I raise an eyebrow when any Government allows individuals to place their hand into the superannuation ‘honey pot’ for purposes outside of its sole intention – providing for a person’s retirement.

Over the weekend, in a last ditch attempt to win over the younger voters, the Government announced they would allow first home buyers to access up to $50,000 from their super fund to assist with a home deposit. I am not here to argue for, or against, the policy merits, although if competing bidders each have access to an extra $50,000, won’t that just drive up the property price by another $50,000?

What I will say is this – this policy, along with others from both sides of politics, is short-termism as its very best. It’s a classic case of, buy votes now, and worry about the long-term impact later.

Australia’s superannuation system is the envy of the free world. It’s a form of forced saving and some argue they shouldn’t be told where their money should go. However, it’s debatable as to whether it really was salary to begin with, given the Superannuation Guarantee (SG) was introduced in 1992 as an obligation for employers to contribute to super on behalf of the employee. At the time of it’s introduction, did an employee’s salary decrease to make way for the contribution? The jury is out.

An even more pressing question is with increases to the SG (9% increasing to 12% by 2025), which is an increasing expense for employers, has this and will this be a catalyst of stagnant wage growth?

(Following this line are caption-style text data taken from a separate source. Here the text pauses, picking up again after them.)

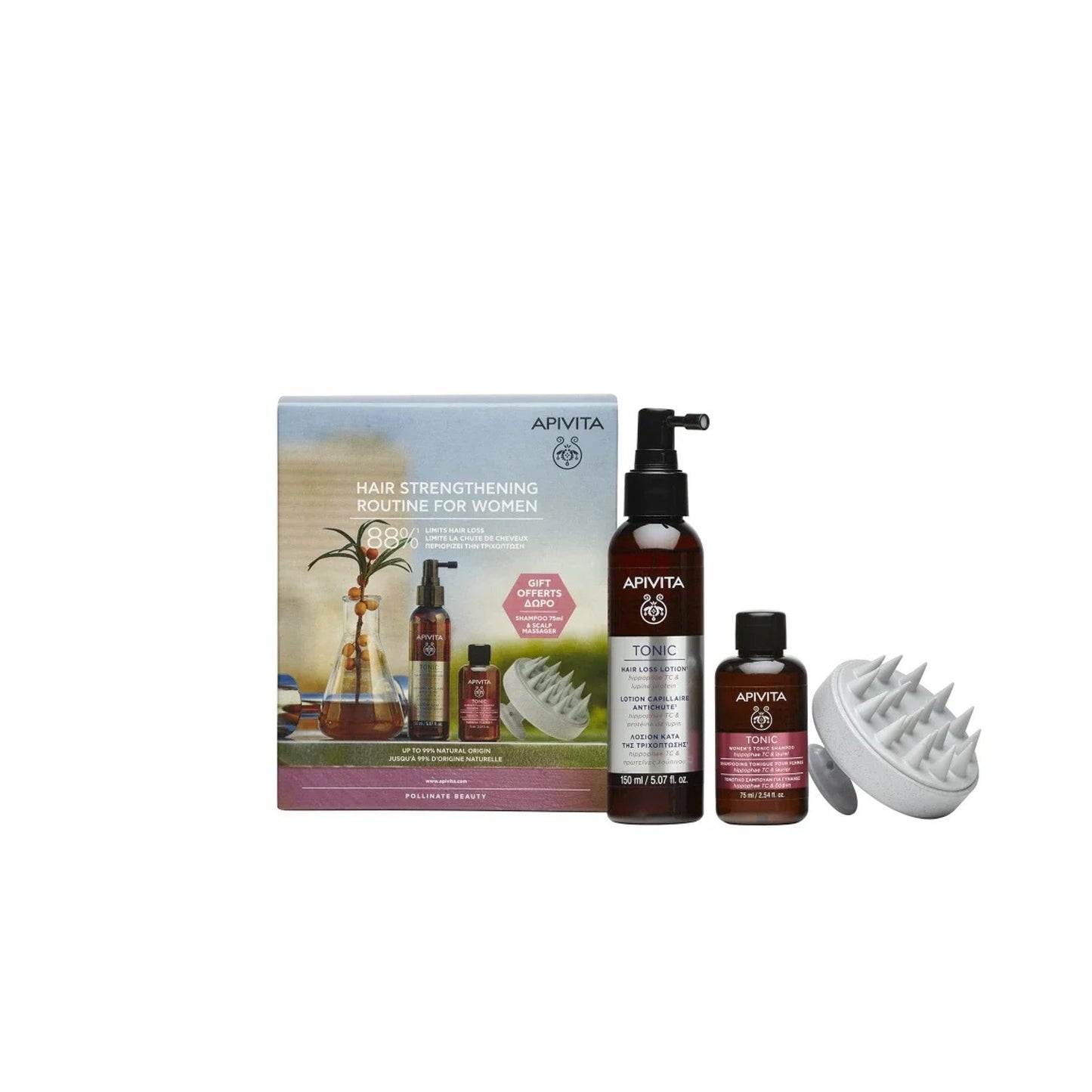 Apivita Hair Strengthening Routine Set For Women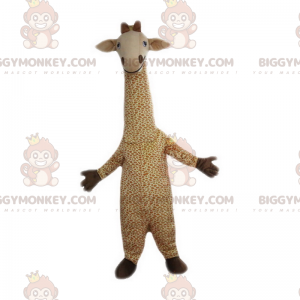 Lächelndes Giraffen-BIGGYMONKEY™-Maskottchen-Kostüm -
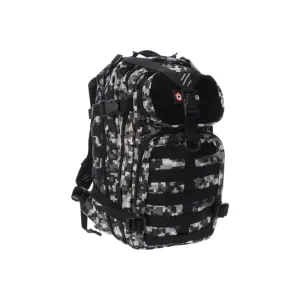 GPS Bags GPST1611BOBGD Tactical Bugout Bag Gray Digital 600D Polyester 2 Handguns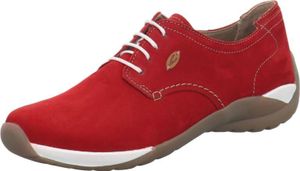 Camel Active Moonlight Damen Schnürer in Rot, Größe 3.5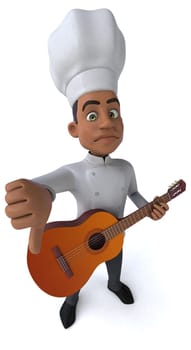 Fun chef - 3D Illustration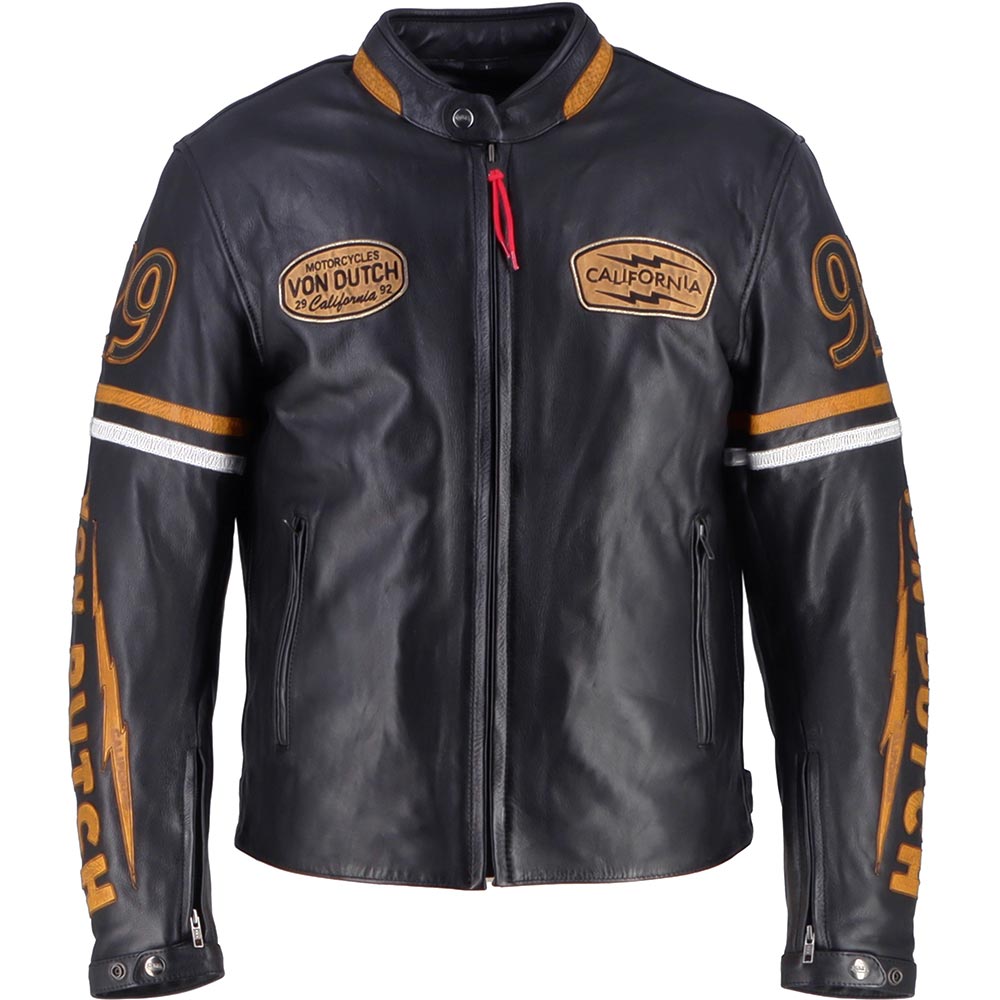 Von dutch - Giacca da uomo California - pelle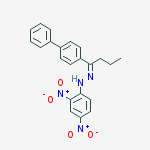 2,4-dinitro-n-[(z)-1-(4-phenylphenyl)butylideneamino]aniline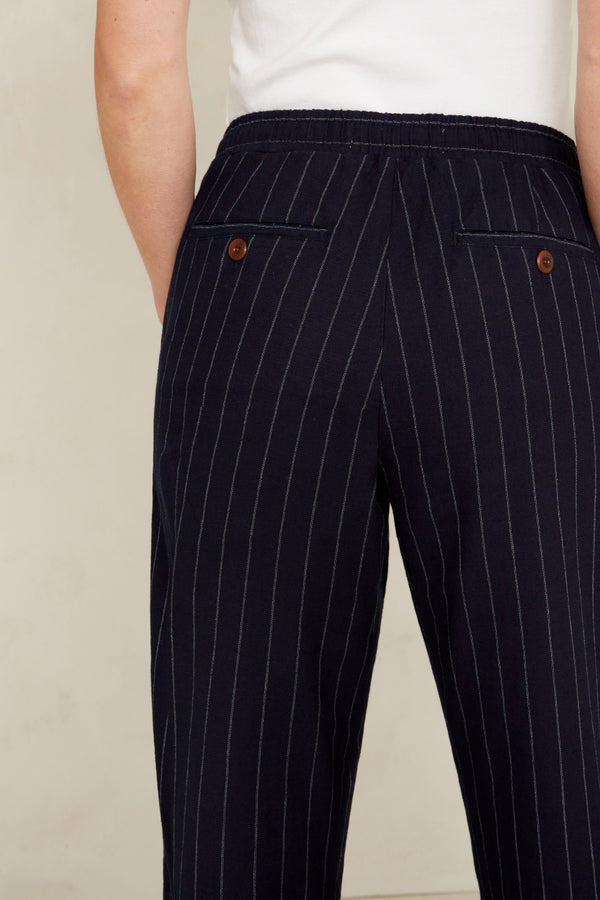 LOURDES | INDIGO STRIPE HEMP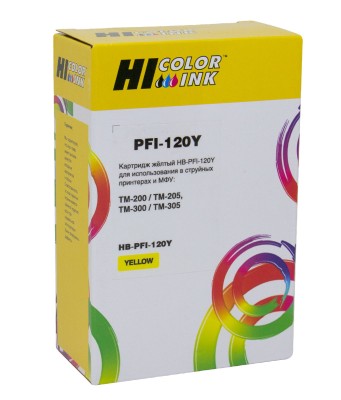 Картридж Hi-Black (HB-PFI-120Y) для Canon TM-200/205/300/305, Yellow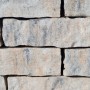 Diephaus Mauerstein Menhire Muschelkalk, Ansicht einer Mauer aus den Steinen.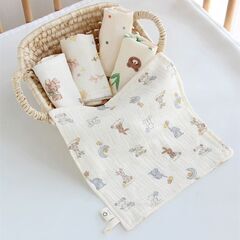 insスタイル　わたガーゼ　ベビーハンカチ　綿100％　4重ガー...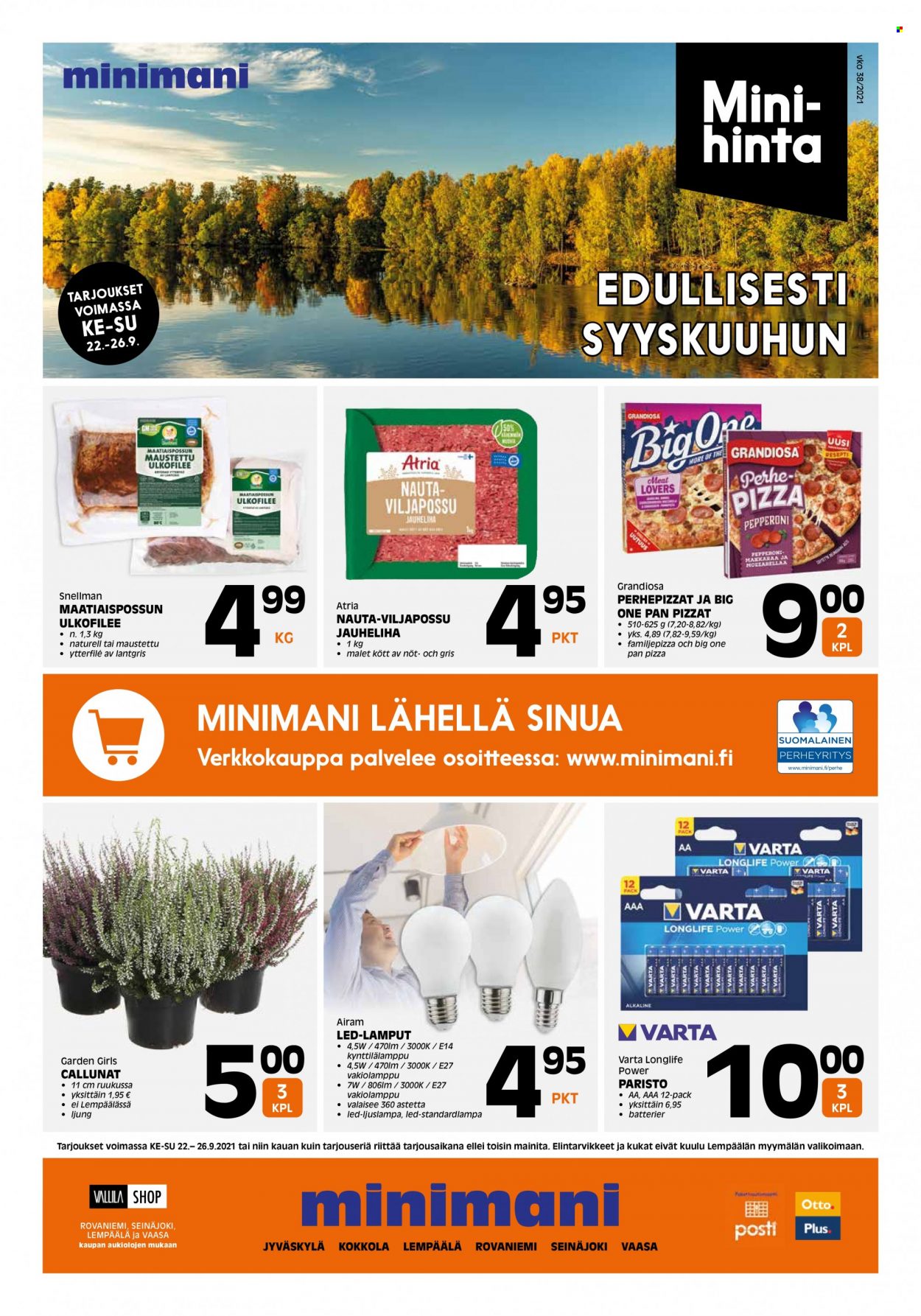 Minimani tarjoukset - 22.09.2021 - 26.09.2021. Sivu 1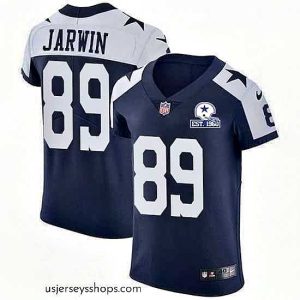 Sensational Nike Cowboys 89 Blake Jarwin Navy Blue Thanksgiving Stitched With Established In 1960 Patch NFL Vapor Untouchable Throwback Elite Jersey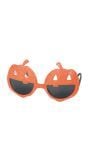 Halloween pompoen glitter bril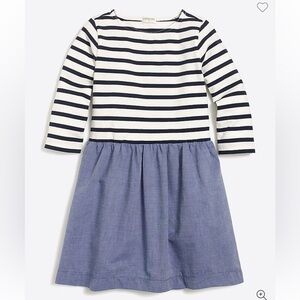 Crewcuts Toddler Girl Stripes and Chambray Dress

Superannuation is in place to ensure Australians have something at retirement to fund their needs, and in turn reduce the burden on the Government’s social security system. Any time there is an early withdrawal from super, it’s typically to address a short-term issue, whilst adding to a long-term problem. Of course the government knows their policy is creating a big black funding hole in the future, but their only focus is on re-election.

The question is – What is the point of a superannuation system, funded by businesses, when a government can override the entire process to buy votes?

Hewison Private Wealth manages over 700 SMSFs. Every day we see the difference being (advised) self-funded in retirement, partially or fully, makes to retirees. It’s a darn sight better than the age pension. Employers hold up their end of the bargain, as do super trustees by ensuring they only invest in assets that meet the sole purpose test (for retirement purposes only). So why is super accessible by the Government when it suits them? It’s borderline offensive if you ask me….

Labor’s first home buyer alternative.

For the record, I don’t believe Labor’s proposal to chip in an equity contribution of up to 40% of the purchase price for a new home and up to a maximum of 30 percent of the purchase price for an existing home, is any better. It’s quite possibly worse.

It’s a slippery slope the moment you go into some form of equity partnership with a government. That’s a can of worms I’d rather not open.

**Any financial product advice provided in this is general in nature.  It does not take into account your needs, financial situation or objectives.  Before acting on the advice, you should consider whether it is appropriate to you in light of your needs, financial situation and objectives. Past performance is not a reliable indicator of future performance.